Tesla Motors is in the process of upgrading its factory in California to be able to manufacture its electric Model X SUV, in addition to the current Model S sedan. Following the quick refit, Tesla is expecting to have delivered 35,000 all-electric cars in 2014. It was only at the beginning of 2013 that Tesla scaled its production to 400 cars a week, or 20,000 cars a year. What’s more, Tesla is expecting to end the year at a production rate of 100,000 electric cars per year.
Another interesting stat from CEO Elon Musk’s Shareholder Letter, from a sustainability point of view, is that he says Tesla customers have now driven the Model S 394 million miles (634 million kilometers) globally, which equates to saving nearly 18 million gallons (68 million liters) of gasoline. That won’t exactly have oil companies shaking in their boots just yet, but it’s significant, and the potential for the future is obvious.

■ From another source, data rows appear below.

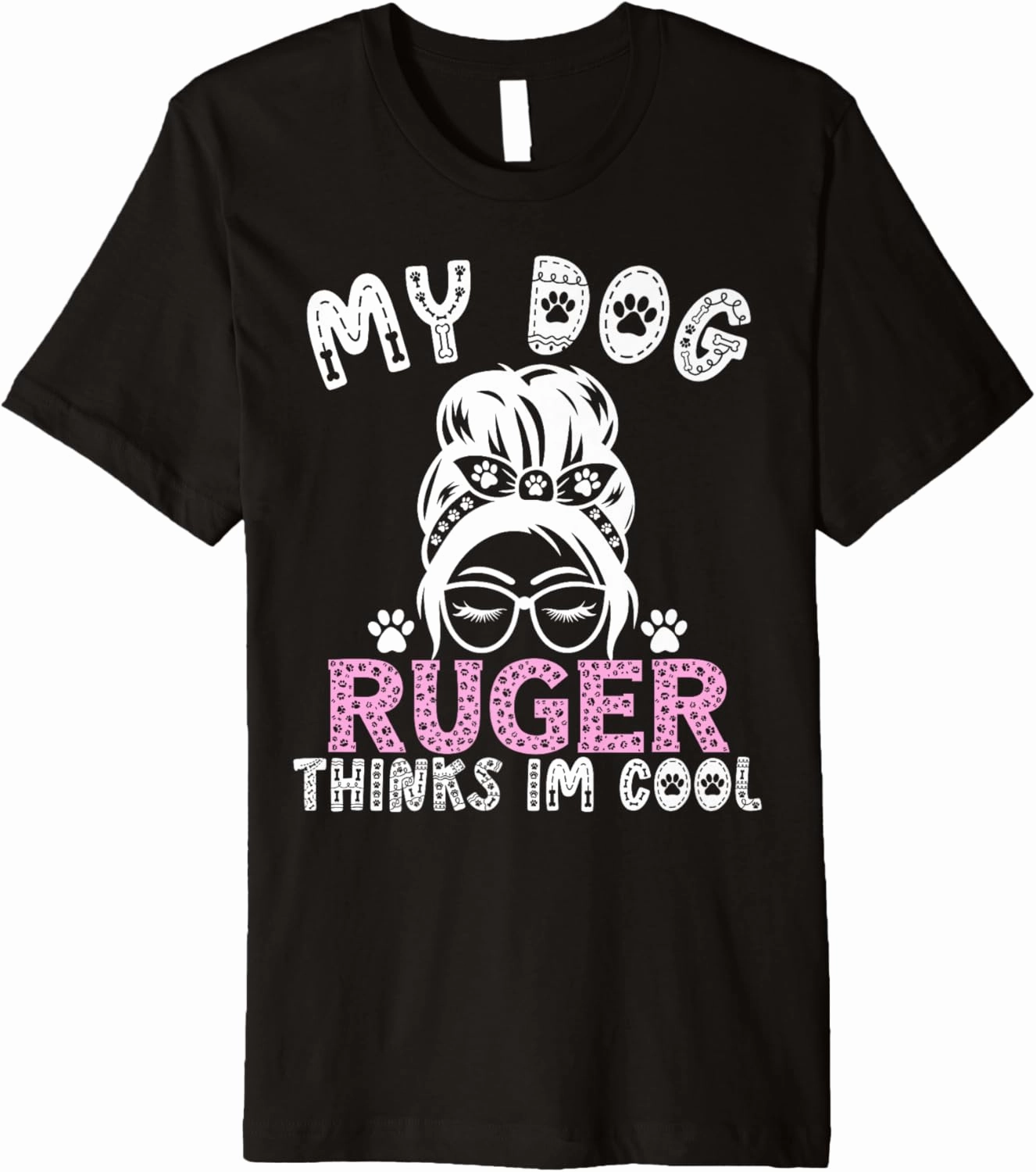 Dog Name Ruger Personalised Gift My Dog Thinks Im Cool Premium T-Shirt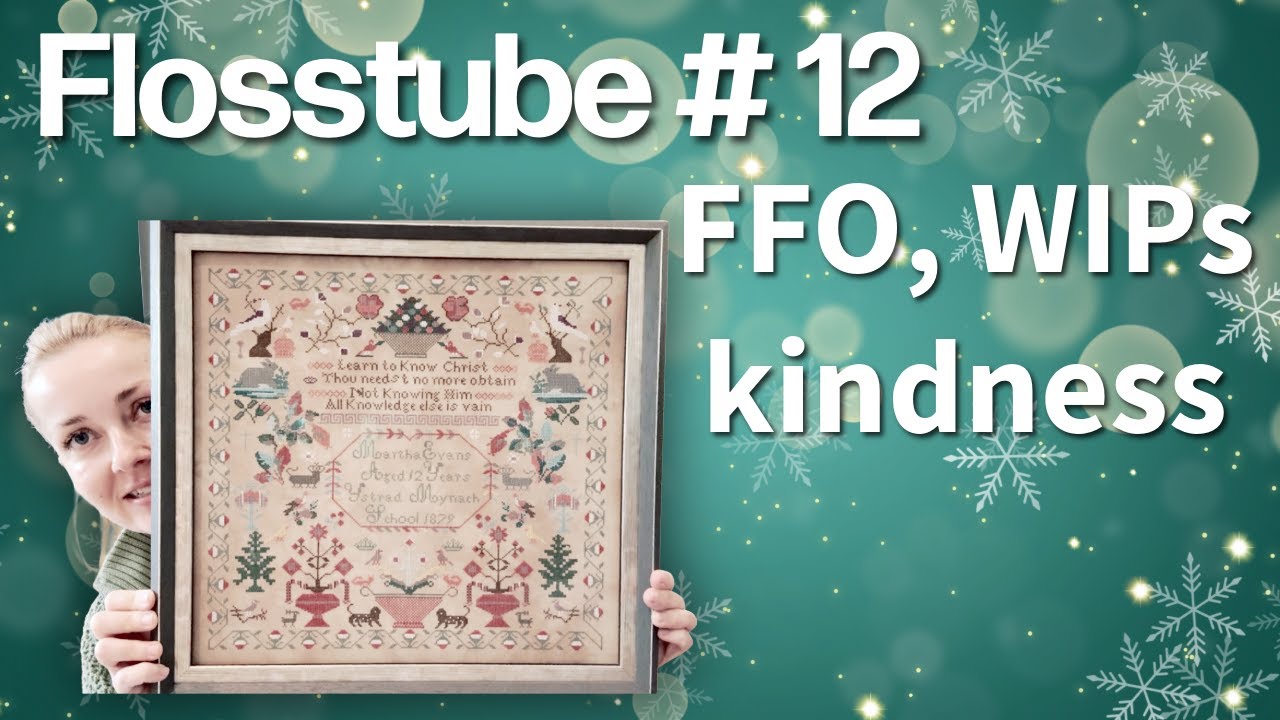 FLOSSTUBE #12 Happy New Year! WIPs, Blessing Sampler, gifts +FFO  #flosstube #crossstitching #stitch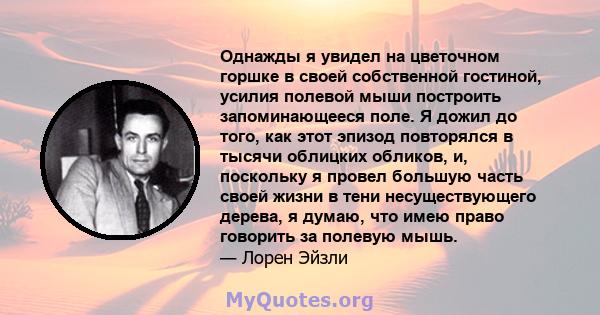 Однажды я увидел на цветочном горшке в своей собственной гостиной, усилия полевой мыши построить запоминающееся поле. Я дожил до того, как этот эпизод повторялся в тысячи облицких обликов, и, поскольку я провел большую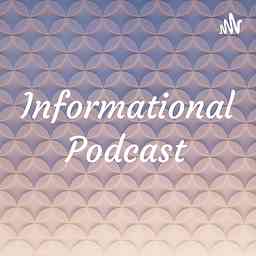 Informational Podcast cover logo
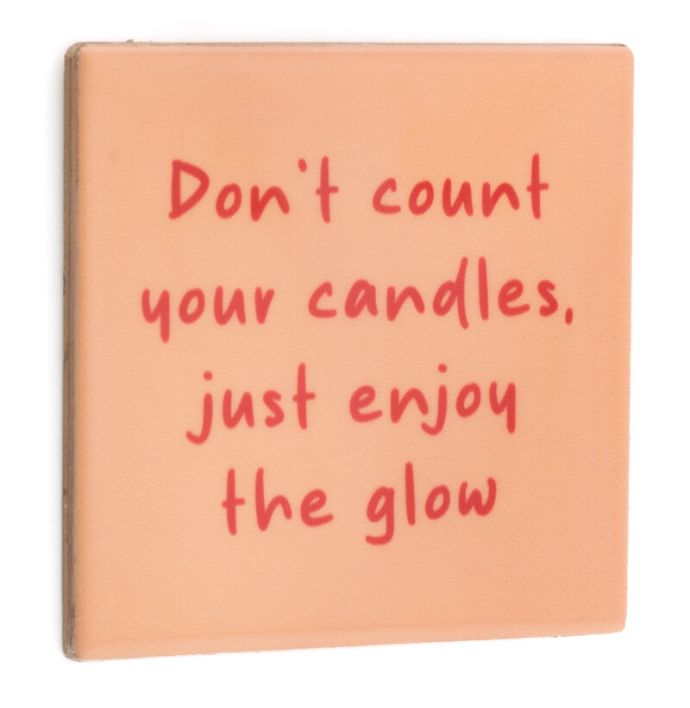 Tegeltje don't count your candles glow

Besides the strong market developing in the United States, Tesla has been expanding internationally, including to Europe, China, Japan, and Australia. This expansion also involves growing its Supercharger station network, where Tesla drivers can fast-charge their cars for free, using clean energy. Most of the stations are currently in the US, but there are now over 150 of them.
When it comes to making and selling luxury all-electric cars, it seems that Tesla is developing a significant first-mover advantage over other carmakers. At a lower price level, the Nissan Leaf is certainly catching on as well. As we reported recently, Tesla has plans to make a cheaper mass-market model. It won’t be as cheap as the Nissan Leaf, but will be priced at about half the price of the base Model S.